Tax Directives, Companies links to the selected taxpayer's PAYE reference number. This is for the Organisation profile.
Only one of the two can be activated. If you pick the wrong one for your profile, your applications will not go through. The same clarification now appears in three places in the guide: when activating the tax type, when creating a new rights group, and when activating an existing group. Get the rights and authorisation level right the first time. A "View Only" user, for example, cannot submit applications or download the tax rate file.
On that point, employers with 50 or fewer employees can now download their tax rate file from the EMP501 Work Page, but only if their user rights are set to "Submission" or "Completion". "View Only" will not see the download.
A reports function you can actually use
The guide adds a tax directive Reports tool, reached through Tax Directives, then Request, then Reports.
You can filter by date, tick "Finalized only", and use quick-select buttons for Today, Last 7 Days, Last 30 Days, This Month, or Last Month. "View" generates the report on screen, "Save" downloads it as an Excel file, and a "Show/Hide Columns" button lets you pull in fields like Issue Date, PAYE number, FSCA number, reason, date of accrual, and IRP3e number.
For a practice managing directives across many clients, this is a quiet win. It is a fast way to reconcile which directives were issued, match directive numbers to IRP5 and IT3(a) certificates, and check nothing is missing before you finalise an annual return.
What to do today
Update your own and your staff's muscle memory: the function is under the top-level "Tax Directives" menu now.
Check your profile rights before directive season.
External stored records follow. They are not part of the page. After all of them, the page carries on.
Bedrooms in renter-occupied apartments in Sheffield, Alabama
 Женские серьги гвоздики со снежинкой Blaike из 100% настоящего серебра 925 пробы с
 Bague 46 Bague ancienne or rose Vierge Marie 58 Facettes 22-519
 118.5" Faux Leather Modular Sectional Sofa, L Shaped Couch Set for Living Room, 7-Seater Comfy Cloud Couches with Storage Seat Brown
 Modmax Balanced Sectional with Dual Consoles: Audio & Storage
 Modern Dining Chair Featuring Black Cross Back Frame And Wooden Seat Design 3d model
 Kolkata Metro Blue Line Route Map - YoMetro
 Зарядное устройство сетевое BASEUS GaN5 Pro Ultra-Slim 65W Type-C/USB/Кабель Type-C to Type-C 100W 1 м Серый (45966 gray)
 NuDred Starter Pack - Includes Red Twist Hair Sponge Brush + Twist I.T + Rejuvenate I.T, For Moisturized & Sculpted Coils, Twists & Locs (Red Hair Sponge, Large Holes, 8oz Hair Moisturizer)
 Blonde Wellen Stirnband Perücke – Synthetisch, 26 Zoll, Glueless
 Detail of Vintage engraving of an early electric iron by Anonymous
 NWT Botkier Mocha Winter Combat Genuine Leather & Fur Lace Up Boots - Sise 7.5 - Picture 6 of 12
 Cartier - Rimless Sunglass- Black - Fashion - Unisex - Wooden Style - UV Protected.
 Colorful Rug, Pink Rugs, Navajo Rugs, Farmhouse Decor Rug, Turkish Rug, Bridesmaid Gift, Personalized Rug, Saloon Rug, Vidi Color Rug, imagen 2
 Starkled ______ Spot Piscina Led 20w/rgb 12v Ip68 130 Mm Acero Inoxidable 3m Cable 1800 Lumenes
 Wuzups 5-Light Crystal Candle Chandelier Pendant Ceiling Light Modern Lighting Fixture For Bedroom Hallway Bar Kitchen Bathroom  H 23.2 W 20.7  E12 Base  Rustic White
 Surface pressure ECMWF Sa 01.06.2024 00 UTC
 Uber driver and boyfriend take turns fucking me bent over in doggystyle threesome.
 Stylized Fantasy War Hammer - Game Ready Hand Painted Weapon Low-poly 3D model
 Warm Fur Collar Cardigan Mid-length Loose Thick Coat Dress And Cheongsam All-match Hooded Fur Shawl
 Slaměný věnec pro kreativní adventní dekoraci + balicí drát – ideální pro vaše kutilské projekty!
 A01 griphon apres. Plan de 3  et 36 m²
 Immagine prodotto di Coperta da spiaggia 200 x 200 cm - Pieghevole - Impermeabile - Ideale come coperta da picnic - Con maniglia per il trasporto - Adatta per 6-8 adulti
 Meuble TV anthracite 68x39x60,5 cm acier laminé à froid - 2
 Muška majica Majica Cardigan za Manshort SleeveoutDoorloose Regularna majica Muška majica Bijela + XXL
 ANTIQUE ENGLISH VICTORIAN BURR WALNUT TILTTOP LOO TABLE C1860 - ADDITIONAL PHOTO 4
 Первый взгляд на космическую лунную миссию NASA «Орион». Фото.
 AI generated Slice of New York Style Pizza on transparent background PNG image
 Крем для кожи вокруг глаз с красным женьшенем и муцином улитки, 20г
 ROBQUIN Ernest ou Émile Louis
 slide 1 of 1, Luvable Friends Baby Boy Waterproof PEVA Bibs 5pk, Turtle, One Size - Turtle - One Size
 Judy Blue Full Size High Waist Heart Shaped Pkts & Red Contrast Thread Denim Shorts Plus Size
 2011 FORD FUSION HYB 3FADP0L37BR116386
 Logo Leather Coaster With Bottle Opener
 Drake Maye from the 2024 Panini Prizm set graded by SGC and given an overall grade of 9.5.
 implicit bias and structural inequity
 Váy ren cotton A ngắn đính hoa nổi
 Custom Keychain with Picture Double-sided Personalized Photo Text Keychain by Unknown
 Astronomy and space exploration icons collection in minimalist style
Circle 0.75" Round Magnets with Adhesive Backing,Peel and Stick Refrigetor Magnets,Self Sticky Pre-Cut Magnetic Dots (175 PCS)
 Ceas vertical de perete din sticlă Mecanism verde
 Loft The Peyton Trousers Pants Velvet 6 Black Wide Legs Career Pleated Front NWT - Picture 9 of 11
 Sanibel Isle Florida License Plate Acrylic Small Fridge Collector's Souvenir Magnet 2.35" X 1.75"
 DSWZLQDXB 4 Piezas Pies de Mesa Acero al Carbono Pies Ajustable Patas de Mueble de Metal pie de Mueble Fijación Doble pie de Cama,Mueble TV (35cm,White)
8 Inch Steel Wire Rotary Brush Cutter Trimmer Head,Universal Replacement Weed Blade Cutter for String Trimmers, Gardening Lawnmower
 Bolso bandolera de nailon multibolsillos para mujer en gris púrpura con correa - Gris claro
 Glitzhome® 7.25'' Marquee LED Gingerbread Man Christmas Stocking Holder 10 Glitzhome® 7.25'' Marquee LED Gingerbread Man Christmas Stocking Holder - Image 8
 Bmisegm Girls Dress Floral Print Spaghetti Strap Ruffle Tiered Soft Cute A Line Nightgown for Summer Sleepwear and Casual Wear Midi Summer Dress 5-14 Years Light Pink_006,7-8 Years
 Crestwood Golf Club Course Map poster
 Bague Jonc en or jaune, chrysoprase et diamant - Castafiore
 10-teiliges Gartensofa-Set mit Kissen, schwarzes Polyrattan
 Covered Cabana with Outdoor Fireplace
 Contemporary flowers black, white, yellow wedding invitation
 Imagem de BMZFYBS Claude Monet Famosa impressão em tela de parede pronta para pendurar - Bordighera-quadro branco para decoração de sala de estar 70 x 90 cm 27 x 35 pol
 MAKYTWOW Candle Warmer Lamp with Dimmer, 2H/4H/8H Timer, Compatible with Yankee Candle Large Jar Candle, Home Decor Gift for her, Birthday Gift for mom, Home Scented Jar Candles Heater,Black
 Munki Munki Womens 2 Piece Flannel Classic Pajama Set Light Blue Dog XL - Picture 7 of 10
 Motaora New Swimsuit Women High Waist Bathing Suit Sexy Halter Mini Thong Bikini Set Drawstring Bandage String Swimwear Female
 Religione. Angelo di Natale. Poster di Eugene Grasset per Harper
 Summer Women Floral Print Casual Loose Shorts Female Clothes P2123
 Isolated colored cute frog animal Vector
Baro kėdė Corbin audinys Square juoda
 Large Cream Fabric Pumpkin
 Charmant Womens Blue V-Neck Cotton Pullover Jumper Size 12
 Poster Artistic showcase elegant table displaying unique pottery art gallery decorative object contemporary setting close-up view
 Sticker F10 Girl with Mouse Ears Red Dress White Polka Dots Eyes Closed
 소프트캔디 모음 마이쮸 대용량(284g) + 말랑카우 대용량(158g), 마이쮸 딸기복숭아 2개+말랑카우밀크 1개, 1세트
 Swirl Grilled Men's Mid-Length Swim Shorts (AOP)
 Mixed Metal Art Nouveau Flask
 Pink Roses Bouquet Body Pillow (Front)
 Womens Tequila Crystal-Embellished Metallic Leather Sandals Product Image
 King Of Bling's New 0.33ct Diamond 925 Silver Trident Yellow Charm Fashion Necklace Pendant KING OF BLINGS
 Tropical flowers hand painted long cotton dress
Confirm whether you need "Tax Directives, Individuals" or "Tax Directives, Companies", and that submitters are not stuck on "View Only".
Stop promising IRP3(b) percentages. Let the system calculate, and brief clients accordingly.
Run the Two-pot or Lump Sum Calculator before any withdrawal application, and bill it as advice.
Pull the new Reports export to reconcile directives against IRP5 and IT3(a) certificates.
Get these right and tax directives shift from a panicked, error-prone scramble into a clean, repeatable, billable service.